▸ **WORK ORDER**
Among the entries below, find the line with "Aluminium window fitters Exeter Devon", then quote it and each following line up to and including the line with "Palmdale Hotel | Motel 6-Palmdale, CA", and nothing else.

▸ **SOURCE RECORDS**
Content starts
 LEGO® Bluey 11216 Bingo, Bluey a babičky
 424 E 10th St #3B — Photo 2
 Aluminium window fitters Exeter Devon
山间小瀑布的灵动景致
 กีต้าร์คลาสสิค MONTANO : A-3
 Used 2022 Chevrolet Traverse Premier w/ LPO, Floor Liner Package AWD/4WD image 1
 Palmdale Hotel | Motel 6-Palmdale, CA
Content ends
Content starts
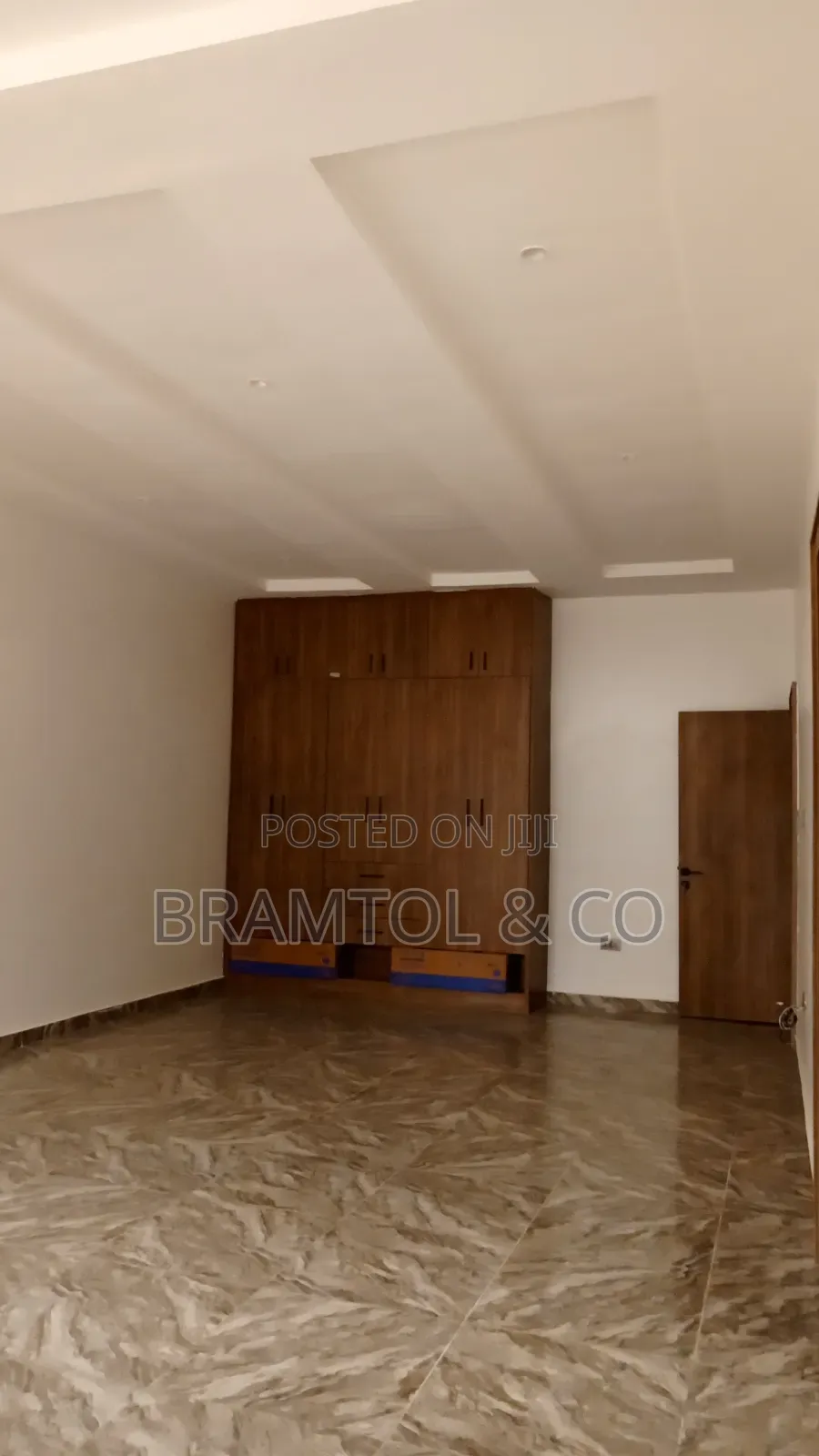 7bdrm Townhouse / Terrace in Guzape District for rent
Content ends
Content starts
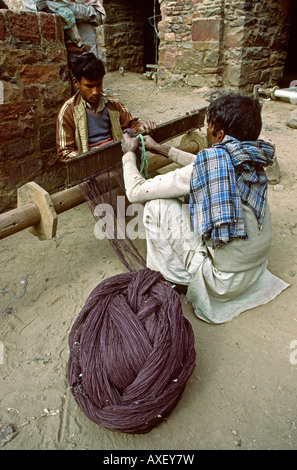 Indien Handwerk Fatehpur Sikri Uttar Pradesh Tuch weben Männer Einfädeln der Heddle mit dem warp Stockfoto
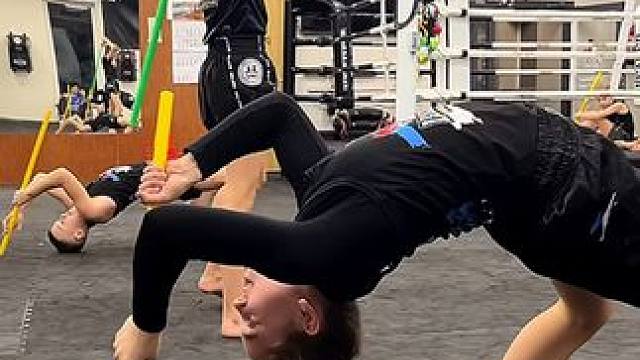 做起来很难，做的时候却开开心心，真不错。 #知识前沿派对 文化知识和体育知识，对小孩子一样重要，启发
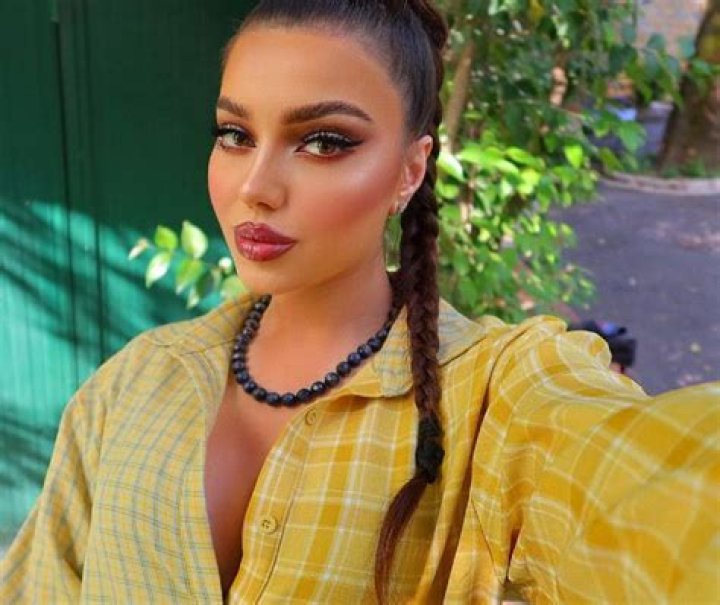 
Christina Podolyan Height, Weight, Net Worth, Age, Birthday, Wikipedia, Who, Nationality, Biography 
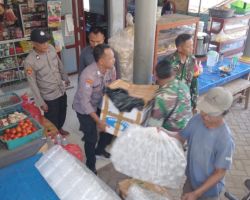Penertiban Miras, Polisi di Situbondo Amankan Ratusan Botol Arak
Content ends
▸ **REPLY TO THE EXERCISE**
 Aluminium window fitters Exeter Devon
山间小瀑布的灵动景致
 กีต้าร์คลาสสิค MONTANO : A-3
 Used 2022 Chevrolet Traverse Premier w/ LPO, Floor Liner Package AWD/4WD image 1
 Palmdale Hotel | Motel 6-Palmdale, CA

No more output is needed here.